We are having a lot of school consistency concerns. I changed our schedule to help. But a lot of concern is our working together and self regulation. I’m thinking if the curriculum isn’t right it may be contributing to the problem. I’m wondering if DS needs more independence where possible (prompting the look into CLE), causing issues.

DS is on level or above for all subjects except spelling and writing. He also is struggling with math fluency (another reason math curriculum in general may be a struggle- just the time to complete problems without knowing his facts is lengthy). I need to focus on spelling and writing more, and allow DS free reign or independence with other subjects.

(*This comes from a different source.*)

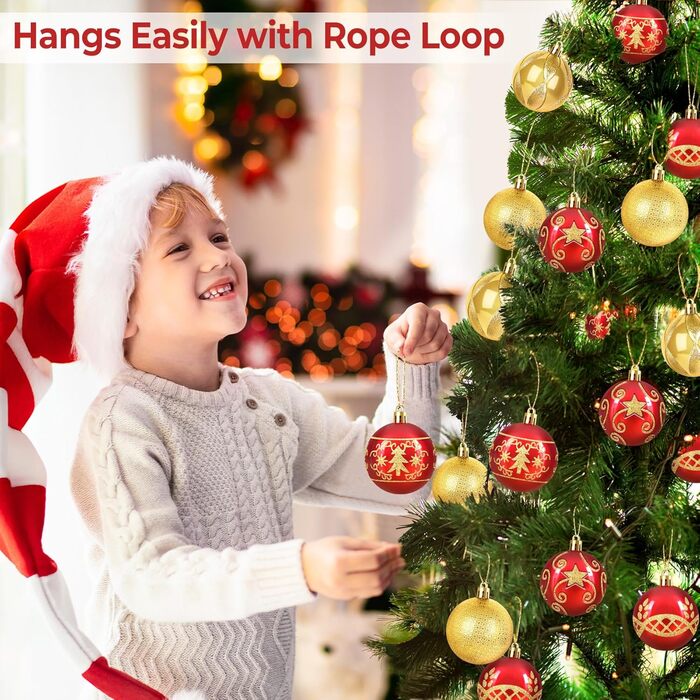 Набір прикрас на ялинку 30 шт. Кульки для ялинки 6 см, червоні та золоті, пластик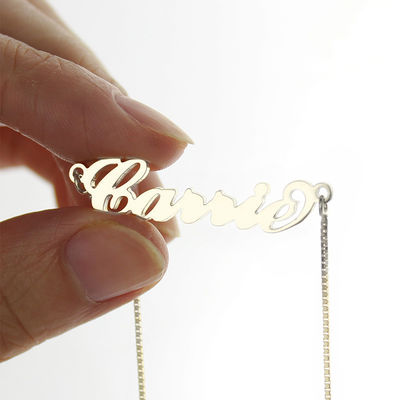 55cm 체인 0.07oz 맞춤 실버 목걸이 18K 골드 캐리 스타일 이름 목걸이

I am considering short acting meds, or maybe caffeine, to see if it helps self regulation. A bad subject can throw off a lot of work for the rest of the day, resulting in too many documentaries and audiobooks. Those things aren’t bad, but if we have skipped spelling and grammar and editing and cursive, they don’t get remediated.

I’m not sure if my signature is UTD- we use HWT, BBC typing, mystery science, Singapore math, spelling I’m switching from AAS to ACE word building or sequential spelling but we haven’t started. Lit/reading and grammar/writing I’m starting Lightning literature (language?) but we haven’t started yet. Writing is composition and editing at the moment. Math fluency is ETA Rocket math. And tons of audiobooks and documentaries. He’s gifted so I tend to let him just listen to literature from a Mensa book list, or book shark. And wedo LEGO robotics.

I do have some computer courses for reviewing basics on a hard day (mobymax, but just started), but I prefer more hands on. If he prefers computer then that’s ok. Or if he wants more independence, ok too.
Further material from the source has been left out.